Business travel rate increases are likely to be conservative in Europe and North America, where auto rental rates are expected to remain stagnant, according to data from American Express Business Travel Global Forecast for 2012 . Asia and Latin America, though, are likely to see relatively higher increases as travel demand within and to these regions remains strong.
“As business travel is both an essential part of global economic performance as well as an enabler of business growth, we expect the combination of demand and effective travel-supplier yield management to likely push rates up that business travelers pay across the board in 2012,” said Christa Degnan Manning, director of Expert Insights research, American Express Global Business Travel.

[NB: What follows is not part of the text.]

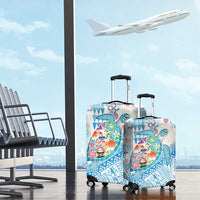 Hawaiian and Japanese Culture Together Luggage Cover Tropical Honu with Japanese Elements Blue Color LT03 - Polynesian Pride
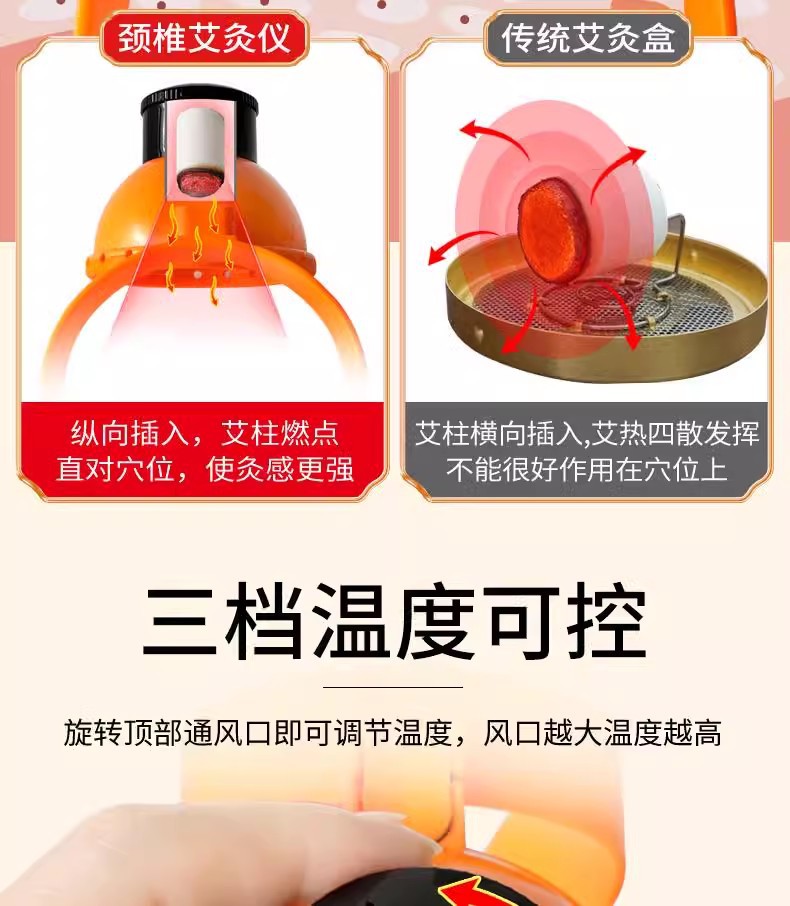 Moxibustion Box for Neck and Shoulder Portable Hanging Moxa Burner Tool for Zusanli ST36 Warm Therapy quality and texture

North America Car Rental Projections
Car rental rates in North America are expected to remain flat as a result of a highly competitive marketplace and excess capacity.
• North America Base Rates: (-1) – 0 percent
• North America Rate Per Day: 2 – 3 percent
“2012 is the year to aggressively target car rental contract negotiations as it promises the best opportunity for year-over-year savings in travel category management,” Manning said. “Similar to air and hotel, car rental companies are seeking to recoup average daily rate declines of the past few years with additional fees and services, so companies should particularly pay attention to mitigating those costs in ground transport by clarifying policies and educating their traveler populations on which expenses will be reimbursed.”
North America Airfare Projections
Business class airfares are expected to see the greatest increase in 2012 as airlines take advantage of business travelers needing to be on the road to secure new accounts and market expansion where opportunities exist. These increases will likely be true even if consumers opt to stay home in the face of a potential double-dip recession in Western markets as travel suppliers target business people with the classes of service and productivity-based amenities preferred by the frequent traveler community.
• North America Short Haul (Economy): 2 – 5 percent
• North America Long Haul (Economy): 0.5 – 3.5 percent
• North America Short Haul (Business): 5 – 7 percent
• North America Long Haul (Business): 3 – 5 percent
North America Hotel Projections
Across the two primary business travel hotel categories of mid-range and upper-range properties, the Global Forecast predicts likely low single-digit increases in North America. Of note, metropolitan areas play a significant role in expected price increases which vary by individual city market.
• North America Mid-Range: 2.5 – 6.5 percent
• North America Upper-Range: 1.5 – 5.5 percent
Europe, Middle East and Africa (EMEA) Airfare and Hotel Projections
For airfare, travel volumes and capacity will likely vary throughout the region and result in a range of pricing changes, particularly by type of flight from 0-4 percent for economy short-haul trips to 3-7 percent increases for business long-haul trips.
For corporate hotel rates in EMEA, the region is likely to see conservative increases; however, there will likely be declines in markets like Spain and Greece that are enduring particularly challenging economic conditions. Hotel rates could increase in this region by up to 5 percent.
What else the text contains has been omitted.